Tuesday, August 30

蒙牛酸酸乳超级女声

In China, it's Mongolian Cow Yogurt Super Girl By Robert Marquand
China's "Super Girl" is an American Idol-style TV show whose grand finale of dancing and singing drew 400 million viewers here last Friday night, roughly equivalent to every person in the US and Britain...

Some 8 million, mostly younger, Chinese paid the equivalent of 2 cents to send a "text message of support" (the word "vote" is avoided) via cellphone for one of the three Super Girl finalists. Li Yuchun, a music student whose tomboy looks and confidence onstage are the talk of Chinese chat rooms, won with 3.5 million votes. The three finalists, all in their early 20s, became instant celebrities in a nation that really hasn't made much room for the pop star concept, except when they come from Hong Kong or Taiwan.

The program did not...emerge from the Beijing studios of official Chinese programming, but from a provincial station in the gritty heartland of Hunan, that has a satellite uplink. The contest is officially called the "Mongolian Cow Sour Yogurt Super Girl Contest." By its rules any female, young or old, talented or not, can participate - not just the familiar beauty-queen types from central casting.

Some 120,000 girls took part in the past year, in a sudden and unexpected burst of enthusiasm that has Beijing authorities slightly worried about the precedent it may set for more unregulated forms of pop culture.

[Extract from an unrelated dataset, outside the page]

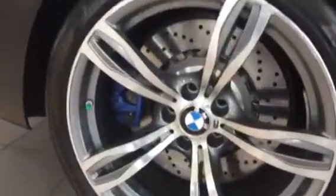This is Femi with Jackie Cooper BMW Mini. Just want to shoot you a quick video of the 2016 BMW M6 Grand Coupe. It is Singapore grey in color with the black leather interior. It's also equipped with the M sports wheels with the blue calipers. The vehicle has right about 2,600 miles on it — it's barely been broken in.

"This is totally new to Chinese people," says Wei Feng, a student from the Beijing Foreign Language Institute. "The whole thing is about singing whatever you want, and millions of young girls in those provinces have never had that chance before."

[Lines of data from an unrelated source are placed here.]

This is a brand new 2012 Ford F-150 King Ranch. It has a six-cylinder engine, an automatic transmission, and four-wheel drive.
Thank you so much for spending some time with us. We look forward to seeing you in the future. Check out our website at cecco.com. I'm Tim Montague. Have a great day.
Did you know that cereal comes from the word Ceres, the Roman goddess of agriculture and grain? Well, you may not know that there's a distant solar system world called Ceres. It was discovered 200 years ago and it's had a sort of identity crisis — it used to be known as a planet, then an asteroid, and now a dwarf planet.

In fact, the two top scorers on Friday were "girl next door" types, with the more feminine Zhang Liangying, who sang, "Don't Cry for Me Argentina," coming in a distant third. Super Girl Ms. Li has a small army of young supporters who see her as a role model.

"[Super Girl] represents a victory of the grass-roots over the elite culture," argues Beijing sociologist Li Yinhe.

"It is vulgar and manipulative," intoned an official statement from China Central TV (CCTV), the national state-run broadcaster, which added that the program was not high-toned enough, due to the gaudy clothing worn by contestants, and that the show could be canceled next season due to its "worldliness."

Technically, CCTV officials can shut down Super Girl, since they hold a monopoly position on broadcast decisions. Many ordinary Chinese say that it won't be worldliness that prompts any shutdown, but the fact that CCTV's advertising revenue on Friday night was lower than that of its modest Hunan competitor. A pilot of an official version of Super Girl produced by CCTV reportedly failed.

"Most Chinese TV is formulaic," says Luo, a young Beijing University graduate, who would only give his first name. "We can figure out after 15 minutes what will happen, but on Super Girl we can't predict what they will say."

Young Chinese women interviewed say that they want to see examples of confident females interacting spontaneously in Chinese public culture, rather than through an official script.